▶ [PROBLEM TO SOLVE] Beginning with the line that contains "Hey everybody, and" and ending with the line that contains "Green sauce is", reproduce the lines of the entries below exactly, omitting pictures.

▶ [MATERIAL FOR THE TASK]
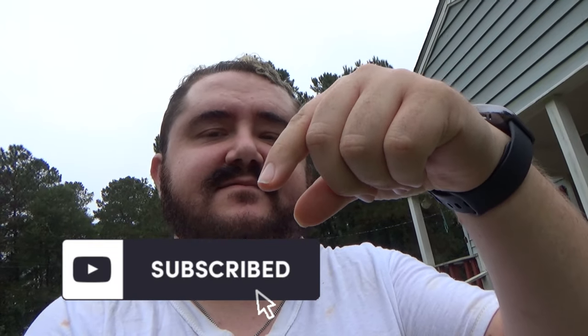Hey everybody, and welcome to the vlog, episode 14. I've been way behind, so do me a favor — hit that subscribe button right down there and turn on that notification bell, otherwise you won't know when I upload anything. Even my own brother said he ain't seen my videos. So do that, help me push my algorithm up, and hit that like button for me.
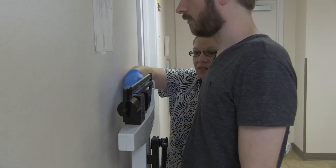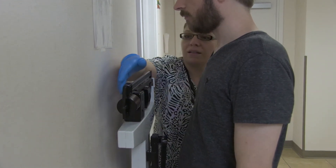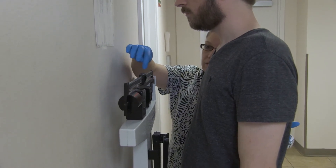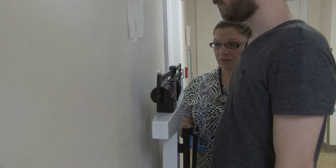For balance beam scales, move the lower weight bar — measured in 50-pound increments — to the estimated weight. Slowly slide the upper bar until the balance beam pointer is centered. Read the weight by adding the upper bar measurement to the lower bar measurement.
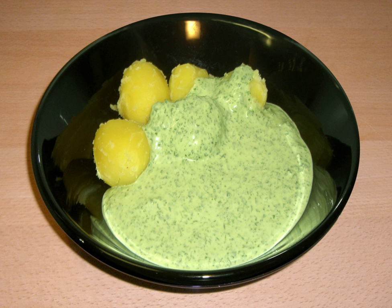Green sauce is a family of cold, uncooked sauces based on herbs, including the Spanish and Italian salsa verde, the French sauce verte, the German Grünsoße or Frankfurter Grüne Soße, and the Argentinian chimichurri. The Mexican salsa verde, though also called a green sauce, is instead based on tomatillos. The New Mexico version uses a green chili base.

...

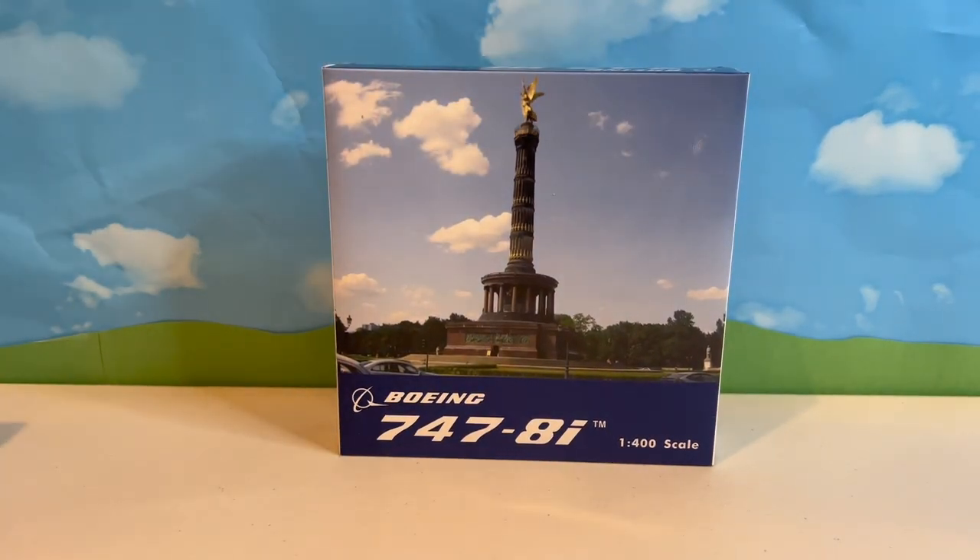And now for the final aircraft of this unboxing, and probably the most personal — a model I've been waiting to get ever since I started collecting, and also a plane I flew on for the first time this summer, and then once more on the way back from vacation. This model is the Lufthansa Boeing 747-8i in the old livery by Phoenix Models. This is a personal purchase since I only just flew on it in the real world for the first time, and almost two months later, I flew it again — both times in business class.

▶ [SOLUTION TO THIS PROBLEM]
Hey everybody, and welcome to the vlog, episode 14. I've been way behind, so do me a favor — hit that subscribe button right down there and turn on that notification bell, otherwise you won't know when I upload anything. Even my own brother said he ain't seen my videos. So do that, help me push my algorithm up, and hit that like button for me.
For balance beam scales, move the lower weight bar — measured in 50-pound increments — to the estimated weight. Slowly slide the upper bar until the balance beam pointer is centered. Read the weight by adding the upper bar measurement to the lower bar measurement.
Green sauce is a family of cold, uncooked sauces based on herbs, including the Spanish and Italian salsa verde, the French sauce verte, the German Grünsoße or Frankfurter Grüne Soße, and the Argentinian chimichurri. The Mexican salsa verde, though also called a green sauce, is instead based on tomatillos. The New Mexico version uses a green chili base.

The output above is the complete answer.